The polar cap itself, surrounded by those sand seas, is 600 miles across and a little less than 7,000 feet deep. It is made up of many seasonal layers, like the icecaps on Earth, with the bulk a mixture of water ice and cemented dust and sand. The very top layers, dubbed the residual icecap, is about three to six feet thick made up of frozen water having a volume about half of Greenland’s icecap. While this water could evaporate away, data suggests it is, like the icecaps on Earth, in a steady state, neither gaining or losing volume with each Martian year.

Above the residual icecap of water is the seasonal icecap made up of carbon dioxide. Unlike the other layers, this seasonal cap of dry ice, also less than six feet thick, comes and goes with the seasons. During the Martian summer it is gone, the carbon dioxide having sublimated away into the atmosphere. As the weather chills however that carbon dioxide begins to freeze again, falling as CO2 snow on the surface at the poles to create a thin cap of dry ice extending down to about 60 degrees latitude and covering practically everything seen in the first map above.

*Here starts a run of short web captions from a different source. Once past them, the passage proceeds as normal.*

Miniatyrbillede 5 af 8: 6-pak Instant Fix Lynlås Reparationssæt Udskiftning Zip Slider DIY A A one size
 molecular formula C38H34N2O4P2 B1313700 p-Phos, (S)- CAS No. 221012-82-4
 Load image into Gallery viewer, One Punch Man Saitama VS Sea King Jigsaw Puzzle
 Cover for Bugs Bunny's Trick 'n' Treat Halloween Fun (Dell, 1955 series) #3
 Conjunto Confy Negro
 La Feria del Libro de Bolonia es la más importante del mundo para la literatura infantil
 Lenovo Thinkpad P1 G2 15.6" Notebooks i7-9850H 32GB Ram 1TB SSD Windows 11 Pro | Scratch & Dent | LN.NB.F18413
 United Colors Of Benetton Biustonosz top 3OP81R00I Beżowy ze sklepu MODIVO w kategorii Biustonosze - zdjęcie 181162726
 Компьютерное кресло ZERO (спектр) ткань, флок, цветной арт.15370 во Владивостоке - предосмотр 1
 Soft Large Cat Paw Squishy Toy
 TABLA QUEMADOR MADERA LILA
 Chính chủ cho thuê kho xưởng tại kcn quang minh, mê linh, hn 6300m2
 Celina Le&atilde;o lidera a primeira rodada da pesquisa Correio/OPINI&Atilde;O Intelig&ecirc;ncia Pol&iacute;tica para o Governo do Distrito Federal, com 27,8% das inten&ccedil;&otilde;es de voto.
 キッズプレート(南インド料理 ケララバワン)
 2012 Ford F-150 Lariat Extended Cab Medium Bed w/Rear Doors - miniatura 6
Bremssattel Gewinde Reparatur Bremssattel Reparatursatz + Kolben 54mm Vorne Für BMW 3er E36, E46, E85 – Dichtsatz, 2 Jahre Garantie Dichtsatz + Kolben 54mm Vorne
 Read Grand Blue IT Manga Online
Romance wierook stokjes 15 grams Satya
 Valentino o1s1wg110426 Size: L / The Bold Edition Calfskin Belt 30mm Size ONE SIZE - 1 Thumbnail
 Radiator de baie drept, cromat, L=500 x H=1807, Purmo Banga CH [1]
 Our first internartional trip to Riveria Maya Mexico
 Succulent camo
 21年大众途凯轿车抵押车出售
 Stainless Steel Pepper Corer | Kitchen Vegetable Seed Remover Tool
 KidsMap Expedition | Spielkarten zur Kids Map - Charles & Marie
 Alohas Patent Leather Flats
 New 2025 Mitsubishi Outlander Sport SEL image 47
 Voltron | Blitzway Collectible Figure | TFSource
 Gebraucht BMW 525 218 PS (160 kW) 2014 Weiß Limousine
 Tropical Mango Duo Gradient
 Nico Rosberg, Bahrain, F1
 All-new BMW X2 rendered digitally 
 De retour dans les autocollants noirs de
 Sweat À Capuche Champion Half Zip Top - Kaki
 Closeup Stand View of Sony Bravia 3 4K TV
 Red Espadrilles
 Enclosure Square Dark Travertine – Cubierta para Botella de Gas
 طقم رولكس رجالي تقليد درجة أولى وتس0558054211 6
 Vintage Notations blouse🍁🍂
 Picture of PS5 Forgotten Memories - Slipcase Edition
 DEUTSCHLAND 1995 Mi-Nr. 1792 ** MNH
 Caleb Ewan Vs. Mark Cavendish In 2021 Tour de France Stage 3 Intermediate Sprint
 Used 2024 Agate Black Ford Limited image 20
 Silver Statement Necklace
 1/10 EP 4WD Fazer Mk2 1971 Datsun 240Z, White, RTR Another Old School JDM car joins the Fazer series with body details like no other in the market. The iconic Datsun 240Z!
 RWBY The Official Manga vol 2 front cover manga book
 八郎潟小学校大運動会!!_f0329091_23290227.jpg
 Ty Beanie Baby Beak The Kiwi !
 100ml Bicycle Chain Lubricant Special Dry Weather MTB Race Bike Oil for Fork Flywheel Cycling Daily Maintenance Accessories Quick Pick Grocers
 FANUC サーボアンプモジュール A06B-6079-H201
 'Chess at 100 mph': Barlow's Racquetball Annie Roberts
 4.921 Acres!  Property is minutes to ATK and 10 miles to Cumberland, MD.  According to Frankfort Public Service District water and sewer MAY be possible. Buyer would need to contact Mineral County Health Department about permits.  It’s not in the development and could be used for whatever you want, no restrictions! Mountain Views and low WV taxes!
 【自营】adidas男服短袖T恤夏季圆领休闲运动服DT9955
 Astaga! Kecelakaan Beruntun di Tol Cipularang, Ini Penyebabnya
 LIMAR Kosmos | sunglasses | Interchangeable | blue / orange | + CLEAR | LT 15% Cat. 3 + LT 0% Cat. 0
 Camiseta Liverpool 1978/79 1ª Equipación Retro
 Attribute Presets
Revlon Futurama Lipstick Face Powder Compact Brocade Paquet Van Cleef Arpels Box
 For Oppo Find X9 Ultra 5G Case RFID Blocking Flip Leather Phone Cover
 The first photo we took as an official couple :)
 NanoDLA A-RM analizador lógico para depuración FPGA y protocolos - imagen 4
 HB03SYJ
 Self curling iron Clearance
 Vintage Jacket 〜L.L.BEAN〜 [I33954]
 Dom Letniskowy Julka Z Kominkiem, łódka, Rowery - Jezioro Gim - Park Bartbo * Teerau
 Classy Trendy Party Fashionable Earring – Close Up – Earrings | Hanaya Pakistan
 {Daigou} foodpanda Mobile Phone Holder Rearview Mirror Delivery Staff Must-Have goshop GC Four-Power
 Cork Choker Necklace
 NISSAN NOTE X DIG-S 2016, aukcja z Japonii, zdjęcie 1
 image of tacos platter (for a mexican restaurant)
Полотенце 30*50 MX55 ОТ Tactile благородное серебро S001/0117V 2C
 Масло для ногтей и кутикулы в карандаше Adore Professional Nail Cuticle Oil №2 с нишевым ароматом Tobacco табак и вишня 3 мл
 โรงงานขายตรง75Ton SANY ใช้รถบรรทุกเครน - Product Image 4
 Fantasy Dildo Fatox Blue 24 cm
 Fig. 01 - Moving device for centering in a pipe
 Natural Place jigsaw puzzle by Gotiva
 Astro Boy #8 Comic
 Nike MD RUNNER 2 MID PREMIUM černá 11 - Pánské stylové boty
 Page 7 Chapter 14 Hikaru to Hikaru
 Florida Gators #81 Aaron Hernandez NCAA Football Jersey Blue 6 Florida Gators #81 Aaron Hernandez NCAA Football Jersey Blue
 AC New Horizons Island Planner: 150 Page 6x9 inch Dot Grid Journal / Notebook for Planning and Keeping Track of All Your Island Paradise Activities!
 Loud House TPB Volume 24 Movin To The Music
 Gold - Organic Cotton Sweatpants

These facts suggest that future Martian colonists will have an interest in this region. While harsher than the rest of the planet, the conditions at the poles are not so much different that it will be impossible to work here. And here they will find a ready supply of carbon dioxide to help their plants grow, as well as a ready supply of water, all easily mined and near the surface.

In order to understand how this dry ice cap comes and goes, scientists have been using the high resolution camera of Mars Reconnaissance Orbiter (MRO) to repeatedly monitor some of the same locations in these sand seas to track the seasonal changes. In my routine review of the new images downloaded from MRO in May, I came across more than a dozen such images, all of which had been requested by Dr. Candice Hansen of the Planetary Science Institute in Tucson, Arizona, and taken just as the Martian winter was ending and spring was beginning. As she explained to me, “The images I’m requesting now follow-up on many of our earlier study sites so that we can study interannual variability. We’re also looking at more places to get a sense of what is similar/different depending on where you are.”

Below are two of these recent images, showing one example of the springtime changes that can be seen on these dunes.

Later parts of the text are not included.